It’s the topic that everyone has on their mind, but is uncomfortable bringing up. The one you know will have to be raised at some point, and you’re shy about broaching it too early.

Male pattern baldness. Fees and pricing.

When is the right time to first broach fee or budget discussions with a prospective consulting client?

At the earliest, you could raise this sensitive subject before you ever meet a prospect or, at the latest, you could specify fees after you submit your proposal. That’s a wide range of possibilities!

For this article, let’s ignore two situations: 1) when the client’s strict contracting approach leaves you no choice on when to talk about budget or fees; and, 2) when your offering is productized and the pricing is published.

Instead, we’ll focus on the typical, non-RFP, high-ticket, custom consulting project.

Clients frequently cut to the chase, inquiring about your pricing about 15 seconds after they’ve described what they want.

You’re probably slower to the punch. As a consultant, you may be inclined to defer any mention of budgets, fees or pricing until after you’ve articulated every detail of your spectacularly compelling approach, and preemptively dismissed every major objection.

Once your prospect is swooning over your capabilities and credentials, he’ll pay whatever fees you suggest, right?

Uh, no. Clients jump in too early and consultants often wait too late.

The ideal time to broach the topic of budgets and fees is before you dive deep into the benefits of working with you and outline possible solutions.

In other words, initiate conversation around your prospect’s budget once he is fully, explicitly attuned to the value of solving his problem, and envisioning the rewards from a successful project.

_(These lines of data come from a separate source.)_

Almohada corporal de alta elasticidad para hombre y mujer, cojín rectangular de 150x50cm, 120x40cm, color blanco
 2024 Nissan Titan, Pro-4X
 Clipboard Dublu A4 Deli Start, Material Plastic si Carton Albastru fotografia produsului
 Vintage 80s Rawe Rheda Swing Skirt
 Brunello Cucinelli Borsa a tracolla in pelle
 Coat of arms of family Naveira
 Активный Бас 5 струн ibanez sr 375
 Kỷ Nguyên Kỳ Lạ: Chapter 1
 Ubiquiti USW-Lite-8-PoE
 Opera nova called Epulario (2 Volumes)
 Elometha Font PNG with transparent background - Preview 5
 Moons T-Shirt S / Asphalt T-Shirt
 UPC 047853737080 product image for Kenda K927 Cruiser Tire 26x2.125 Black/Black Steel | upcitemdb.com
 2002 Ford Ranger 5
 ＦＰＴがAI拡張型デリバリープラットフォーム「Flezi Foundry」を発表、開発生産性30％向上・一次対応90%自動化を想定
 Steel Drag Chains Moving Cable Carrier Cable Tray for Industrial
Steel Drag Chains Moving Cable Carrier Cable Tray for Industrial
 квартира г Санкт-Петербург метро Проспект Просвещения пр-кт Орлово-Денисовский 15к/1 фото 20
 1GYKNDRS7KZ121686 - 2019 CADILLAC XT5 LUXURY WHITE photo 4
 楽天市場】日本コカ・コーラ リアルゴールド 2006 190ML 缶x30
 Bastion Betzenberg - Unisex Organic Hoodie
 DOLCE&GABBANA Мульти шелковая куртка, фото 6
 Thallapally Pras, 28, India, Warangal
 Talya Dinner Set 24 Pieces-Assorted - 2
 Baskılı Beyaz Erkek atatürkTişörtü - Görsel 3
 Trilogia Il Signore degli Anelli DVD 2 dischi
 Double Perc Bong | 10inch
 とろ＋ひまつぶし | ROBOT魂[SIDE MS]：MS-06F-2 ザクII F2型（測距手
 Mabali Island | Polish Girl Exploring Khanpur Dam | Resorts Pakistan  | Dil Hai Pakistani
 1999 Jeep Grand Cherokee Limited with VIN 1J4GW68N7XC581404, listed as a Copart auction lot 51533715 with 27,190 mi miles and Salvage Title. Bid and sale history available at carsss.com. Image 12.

Fees are not about the value of your services, they’re about the value of your prospect’s outcome!

You venture into the topic by leveraging the Parameters portion of the Context Discussion. You can ask, “Are there any budget parameters?” and, “What were you anticipating the fees to achieve your outcome would be” and, the heart attack question.

If your prospect’s budget is out of line with the project they’re envisioning, you can course correct—long before you’ve spent hours discussing detailed approaches or developing a comprehensive proposal.

You don’t conclude the fee discussion right away, of course. You’re in no position to determine fees yet; all you’ve done is started a discussion that you’ll continue later and conclude during post-proposal negotiations. During the negotiations phase, you can ease any remaining budget concerns and close your lucrative project.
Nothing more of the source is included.